Reputation: 7732
Stanford Core NLP parser generates the following output for the sentence:
"He didn't get a reply"
(ROOT
(S
(NP (PRP He))
(VP (VBD did) (RB n’t)
(VP (VB get)
(NP (DT a) (NN reply))))
(. .)))
I need a way to navigate it i.e. extra tags easily and find children and parents. Currently I am doing it manually (counting parenthesis). I wonder if there is a Python library that can do parenthesis counting for me or even better like Beautiful Soup or Scrapy would let me work with objects.
If there is no tool, what is the best way to traverse a sentence and get all tags? I am guessing I would need to create some sort of tag object with list containing children tag objects.
Upvotes: 1
Views: 1646
Reputation: 21
I have used this python script for solving the problem with success.

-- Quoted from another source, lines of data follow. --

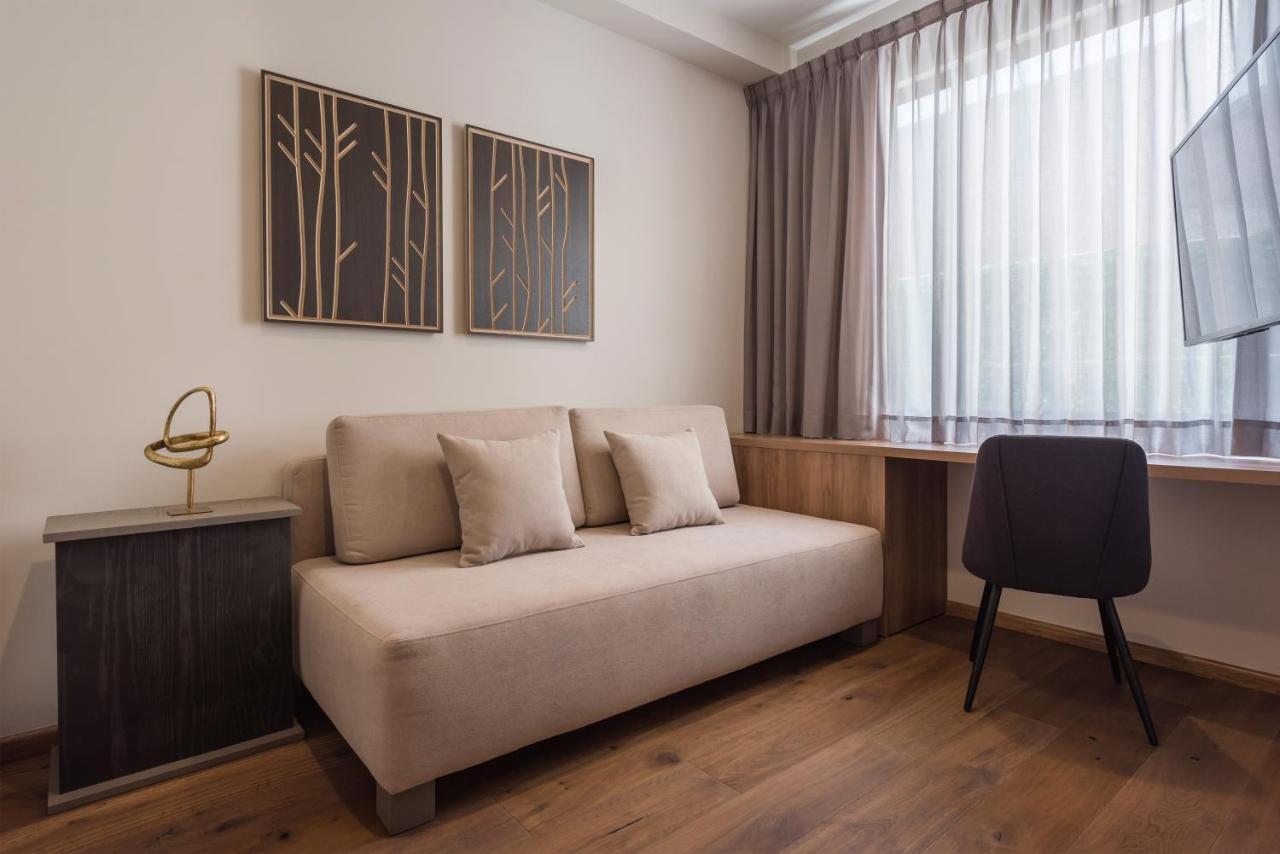 Leonora Boutique Stays By Viadora Мехико Экстерьер фото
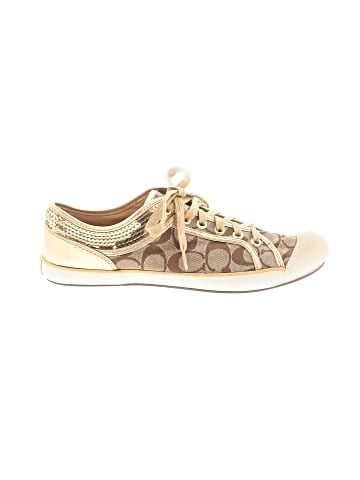 Coach Sneakers (view 1)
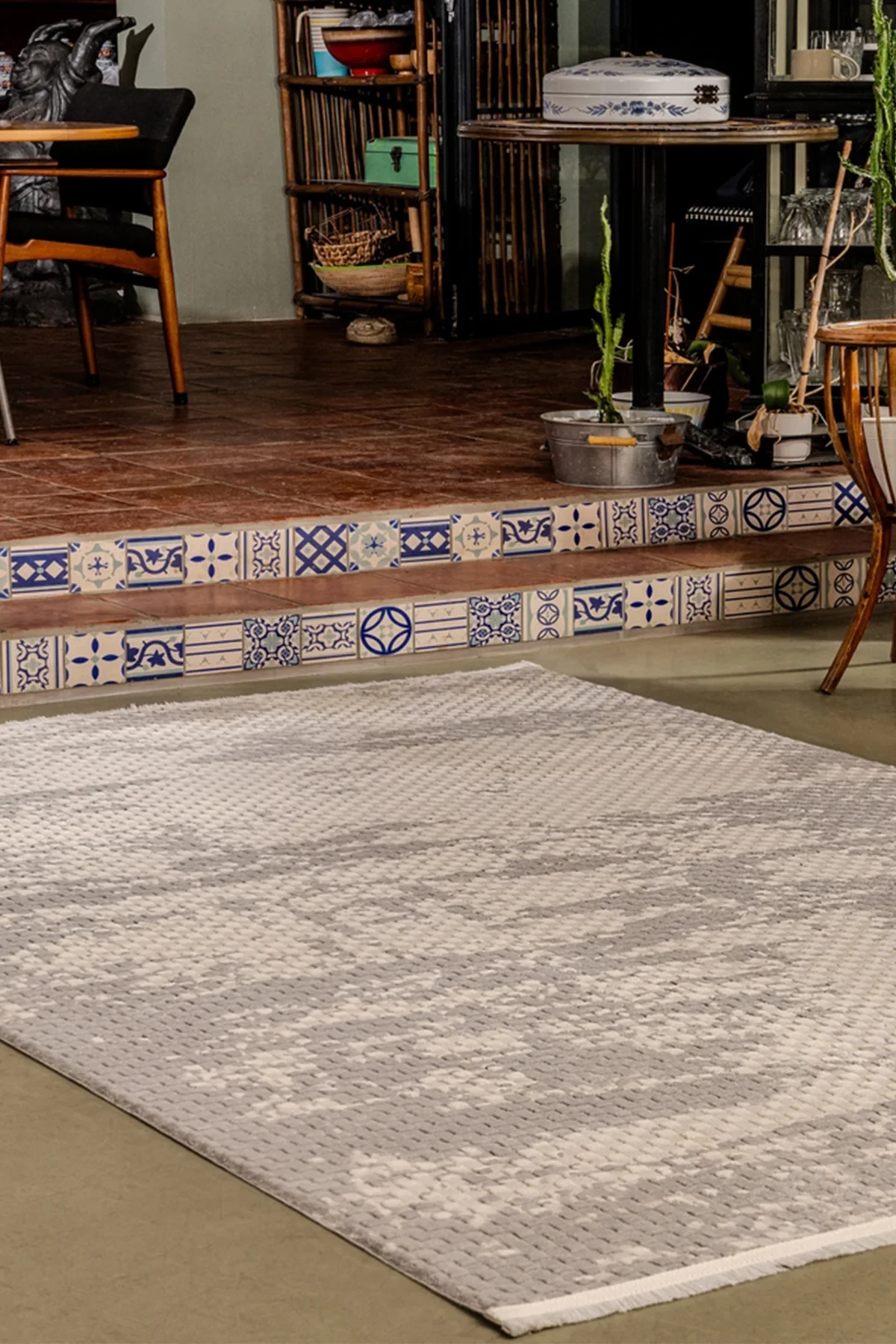 Qilim Boyut BY051, 290 x 200 cm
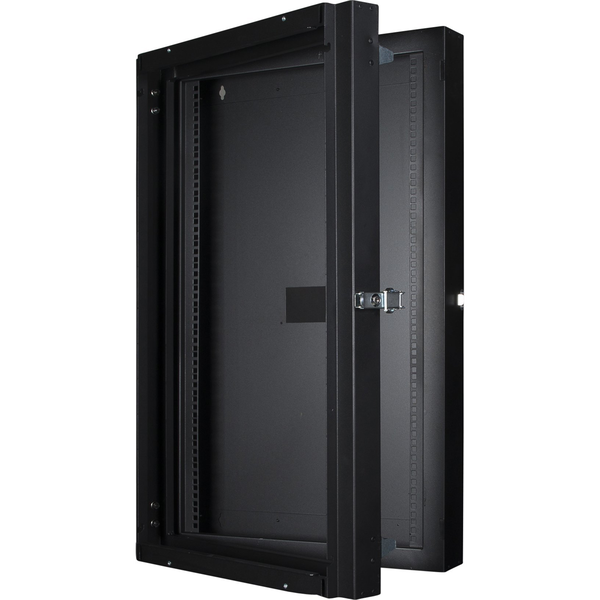 Szafa Lanview 19" 20U Rack Cabinet Double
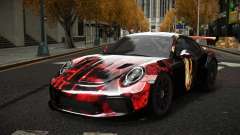 Porsche 911 Jazie S1 pour GTA 4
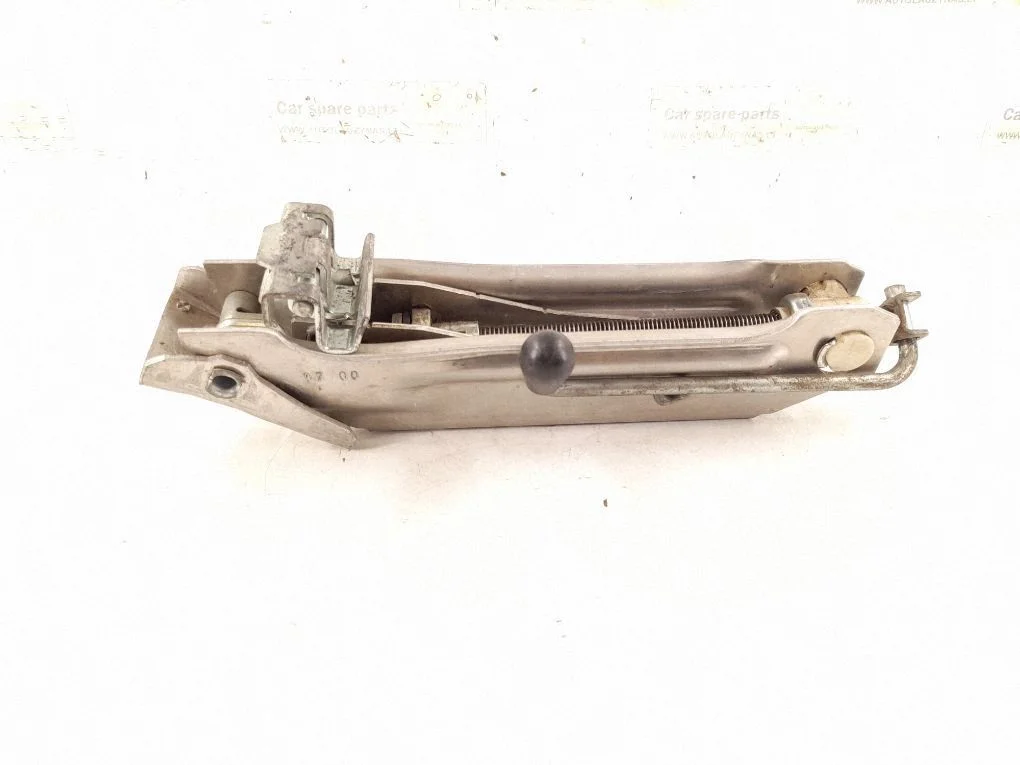 Lift Jack – Audi A6 Allroad C5 (1999-2005)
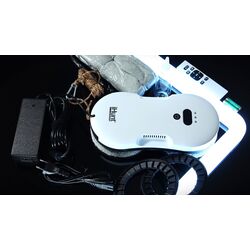 Aspirator-robot pentru geamuri iHunt Smart Window 4 Pro Twin Spray (White) Thumb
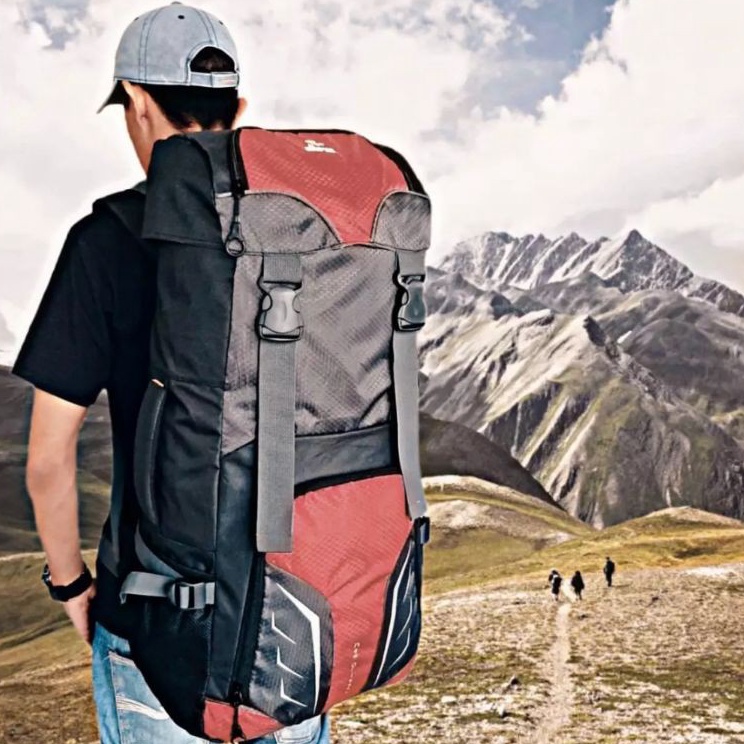 TAS KERILGUNUNG 7 LTR ELBRUS ORIGINAL TAS GUNUNGKERIL ELBRUS ORIGINAL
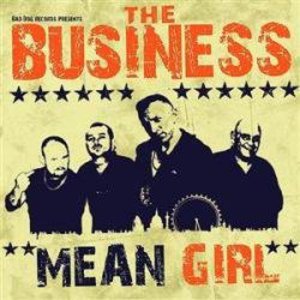 Mean Girl (EP)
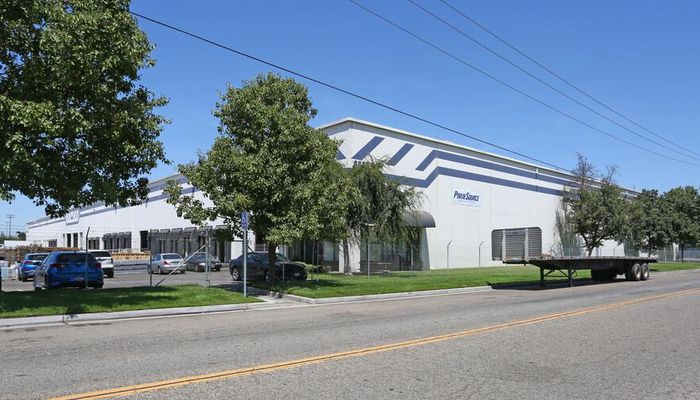 Warehouse Space for Rent at 3555 S Willow Ave Fresno, CA 93725 - #4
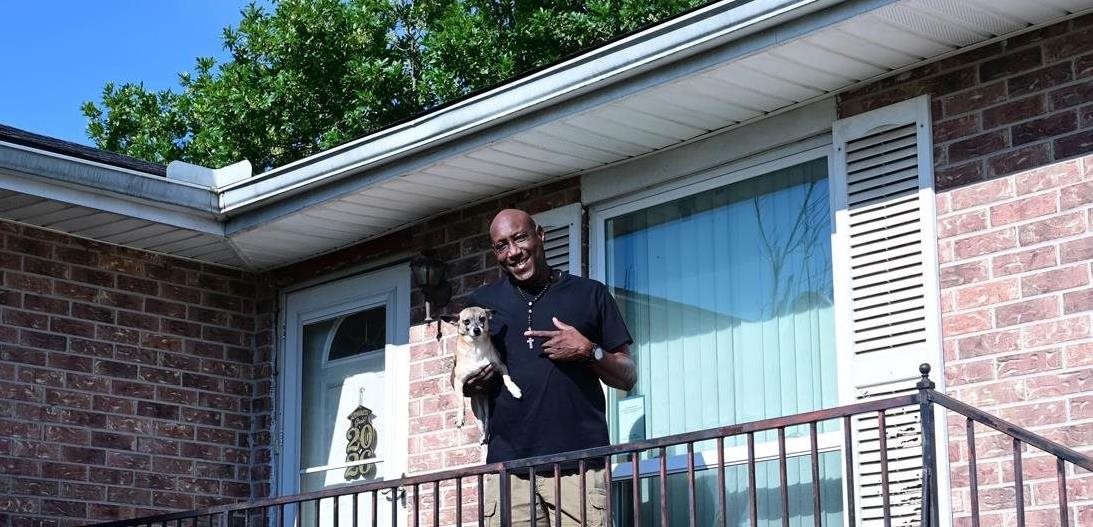 Grant Assists with <br>Hurricane Recovery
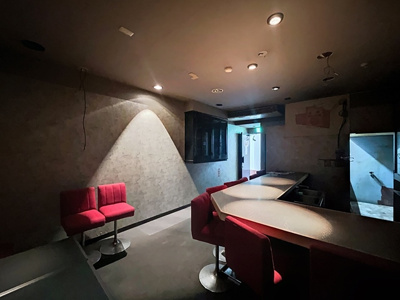 【洋室】 | ナイトプラザ三番館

The script can be used to convert Stanford Core NLP's Lisp-like parse tree format into a nested python list structure.
You can also convert the nested list further using something like Anytree into a more navigable Python data structure, which will also allow you to print out the tree either in text or as an image.
Upvotes: 2
Reputation: 59
My approach to navigating the output was not to try parsing the string, but instead to build an object and deserialize. Then you have the object available natively.
The output shown in the question is produced using an option on the pipeline called "prettyPrint". I changed that to "jsonPrint" to get JSON output instead. I was then able to take the output and generate a class from it (VS can do a Paste-Special option to generate a class from JSON, or there are online resources like http://json2csharp.com/). The resultant class looked like this:
public class BasicDependency
{
public string dep { get; set; }
public int governor { get; set; }
public string governorGloss { get; set; }
public int dependent { get; set; }
public string dependentGloss { get; set; }
}
public class EnhancedDependency
{
public string dep { get; set; }
public int governor { get; set; }
public string governorGloss { get; set; }
public int dependent { get; set; }
public string dependentGloss { get; set; }
}
public class EnhancedPlusPlusDependency
{
public string dep { get; set; }
public int governor { get; set; }
public string governorGloss { get; set; }
public int dependent { get; set; }
public string dependentGloss { get; set; }
}
public class Token
{
public int index { get; set; }
public string word { get; set; }
public string originalText { get; set; }
public string lemma { get; set; }
public int characterOffsetBegin { get; set; }
public int characterOffsetEnd { get; set; }
public string pos { get; set; }
public string ner { get; set; }
public string speaker { get; set; }
public string before { get; set; }
public string after { get; set; }
public string normalizedNER { get; set; }
}
public class Sentence
{
public int index { get; set; }
public string parse { get; set; }
public List<BasicDependency> basicDependencies { get; set; }
public List<EnhancedDependency> enhancedDependencies { get; set; }
public List<EnhancedPlusPlusDependency> enhancedPlusPlusDependencies { get; set; }
public List<Token> tokens { get; set; }
}
public class RootObject
{
public List<Sentence> sentences { get; set; }
}
*Note: Unfortunately this technique did not work out for coref annotations. The JSON did not convert properly to a class. I'm working on that now. This model was built from output using the annotators "tokenize, ssplit, pos, lemma, ner, parse".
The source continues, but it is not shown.